Steve was an active member of the Presbyterian Church throughout his adult life serving in many capacities.

Steve was proud of his Scottish heritage and was an enthusiastic supporter of all things Scottish. Fueled by his numerous trips to Scotland, he shared a wealth of knowledge with others in a variety of settings. He was devoted to his family. His generosity, love, support, humor, and open mind positively impacted every person he met.

Funeral services and a celebration of his life will be held at 2:30 pm Sunday, September 25, at Kirk of Kildaire Presbyterian Church, 200 High Meadow Drive, Cary. In lieu of flowers, memorials can be made to Scottish Heritage USA, and Presbyterian Campus Ministries at NCSU. For further information, please see below or contact Brown Wynne Funeral home.


Published in The News & Observer from September 23 to September 24, 2011

Funeral services for Steve will be this Sunday, September 25 at the Kirk of Kildaire Presbyterian Church in Cary, North Carolina at 2:30 pm. There will be a reception and celebration of Steve's life afterward in the Fellowship Hall of the Church.

If you have pictures of Steve you would like to share, please send them to me by Wednesday. We will include them in a video program.

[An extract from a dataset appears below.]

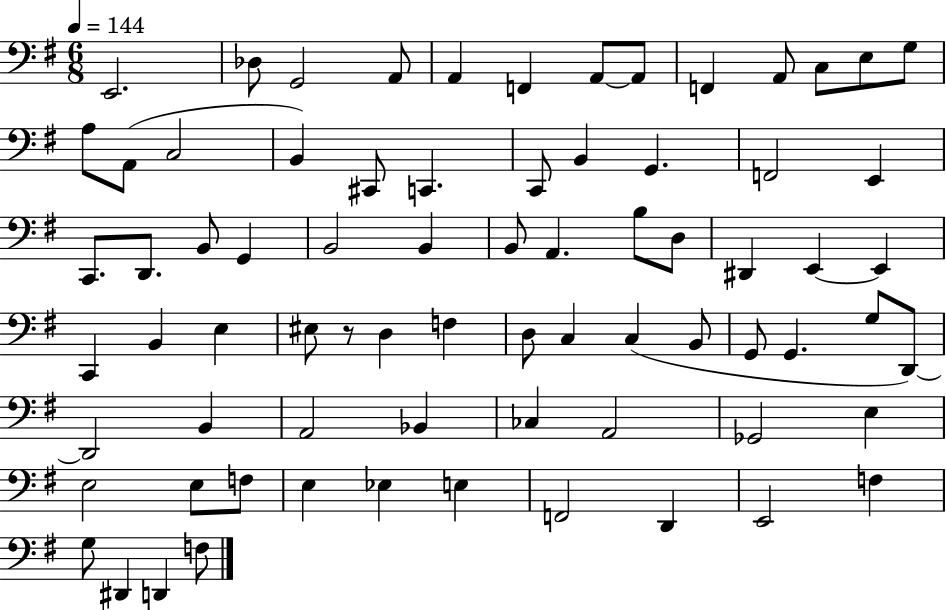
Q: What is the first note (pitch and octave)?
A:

Thanks for all your support.

Pat & Amy



Sunday, September 18, 2011

Dear Friends,

Thank you so much for all your wonderful stories and cards and memories. Steve loved hearing all of those and certainly felt loved by all of you. He was so proud of his Scottish roots and once more the Scottish community came through.

He died peacefully today around 1:30 pm, at home surrounded by his family.

We will let you know about our plans as soon as we have them finalized. If you received multiple copies of this email, it is because you shared multiple interests with Steve. Please pass this information on to others in your group and to anyone we may have omitted.